Taking on a home loan or a mortgage can be a very heavy undertaking. Rather than bearing an entire loan by oneself, one way to lessen individual burdens and increase chances of getting a mortgage is to share it with someone else. Sometimes, joint home loans are taken on extremely expensive property that can’t be borne by one person. Other times, joint home loans are taken by two or more people who want to buy a commercial property for their business.
However, how does a joint work?
The basic rules are that all the co-applicants must be listed as owners of the property. However, not everyone listed as the property owner needs to be a loan applicant.
As co-applicants of a certain loan, being married or related, for example parent and child, siblings or the like can increase your chances of securing the loan. However this is not necessary.
Are there any special requirements?
As with other types of loans, all the applicants are required to prove that they have the financial capabilities to settle the loan on a monthly basis. However, most banks accept payments from only one account, whether that account is held jointly by the applicants or only held by one of the applicants is another matter that doesn’t carry much weight.
What to do before applying a shared loan?
All the loan applicants have to contact a lawyer and sign a Loan Sharing Declaration with each other before going ahead with the loan application. They also function as each other’s guarantors throughout the loan repayment period.
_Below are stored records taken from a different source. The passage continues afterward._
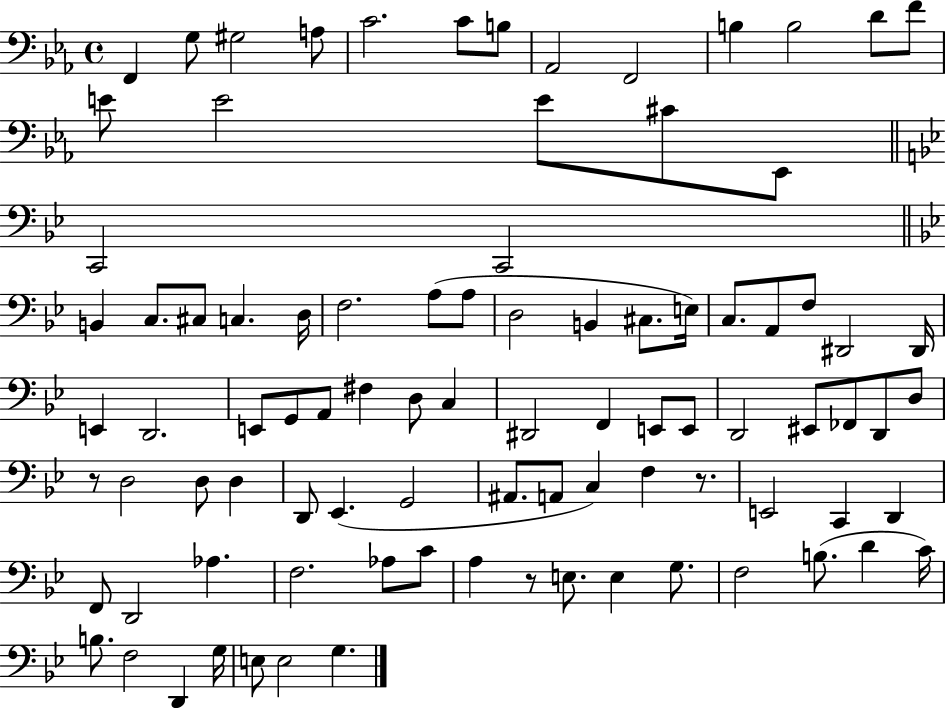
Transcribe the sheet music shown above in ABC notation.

X:1
T:Untitled
M:4/4
L:1/4
K:Eb
F,, G,/2 ^G,2 A,/2 C2 C/2 B,/2 _A,,2 F,,2 B, B,2 D/2 F/2 E/2 E2 E/2 ^C/2 _E,,/2 C,,2 C,,2 B,, C,/2 ^C,/2 C, D,/4 F,2 A,/2 A,/2 D,2 B,, ^C,/2 E,/4 C,/2 A,,/2 F,/2 ^D,,2 ^D,,/4 E,, D,,2 E,,/2 G,,/2 A,,/2 ^F, D,/2 C, ^D,,2 F,, E,,/2 E,,/2 D,,2 ^E,,/2 _F,,/2 D,,/2 D,/2 z/2 D,2 D,/2 D, D,,/2 _E,, G,,2 ^A,,/2 A,,/2 C, F, z/2 E,,2 C,, D,, F,,/2 D,,2 _A, F,2 _A,/2 C/2 A, z/2 E,/2 E, G,/2 F,2 B,/2 D C/4 B,/2 F,2 D,, G,/4 E,/2 E,2 G,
What’s the benefits of sharing a loan?
When sharing a loan, you are able to buy the property you want instead of having to settle for cheaper one. You also split the cost with other persons, making your loan burden half of what you need to pay if you bear the loan yourself.
There are also clauses that allow you to claim tax exemptions on the interest you pay on the loan. Individual banks offer different perks that you can have access to, like credit lines, mortgage offset accounts and so on.
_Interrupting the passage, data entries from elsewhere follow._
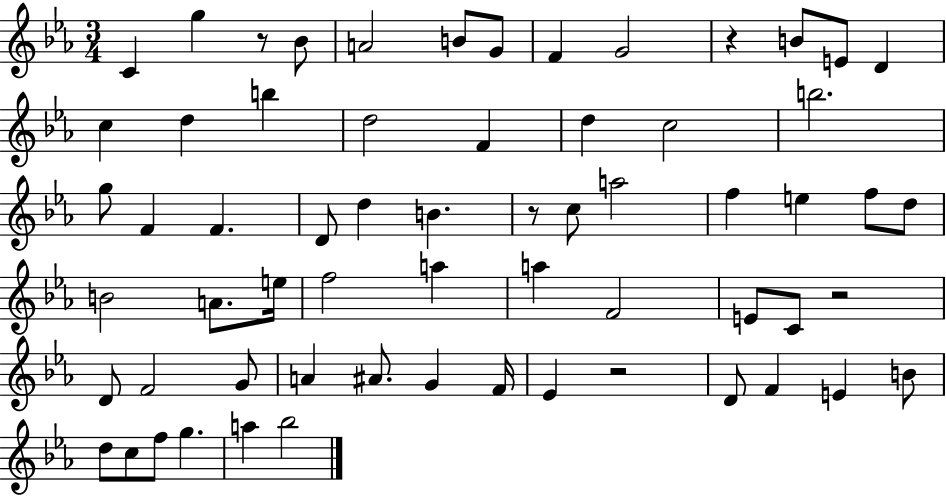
{
  \clef treble
  \numericTimeSignature
  \time 3/4
  \key ees \major
  c'4 g''4 r8 bes'8 | a'2 b'8 g'8 | f'4 g'2 | r4 b'8 e'8 d'4 | \break c''4 d''4 b''4 | d''2 f'4 | d''4 c''2 | b''2. | \break g''8 f'4 f'4. | d'8 d''4 b'4. | r8 c''8 a''2 | f''4 e''4 f''8 d''8 | \break b'2 a'8. e''16 | f''2 a''4 | a''4 f'2 | e'8 c'8 r2 | \break d'8 f'2 g'8 | a'4 ais'8. g'4 f'16 | ees'4 r2 | d'8 f'4 e'4 b'8 | \break d''8 c''8 f''8 g''4. | a''4 bes''2 | \bar "|."
}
What documents are needed?
Usually, all that is needed are the personal contact and addresses of the applicants, proof of each applicant’s income and proof that the applicants are owners of the property for which the loan is being applied for.
What are the negative sides of a shared loan?
There is no downside to having a shared loan, except that when you sell the property, all loan applicants have to agree to the sale and the terms/price of the sale.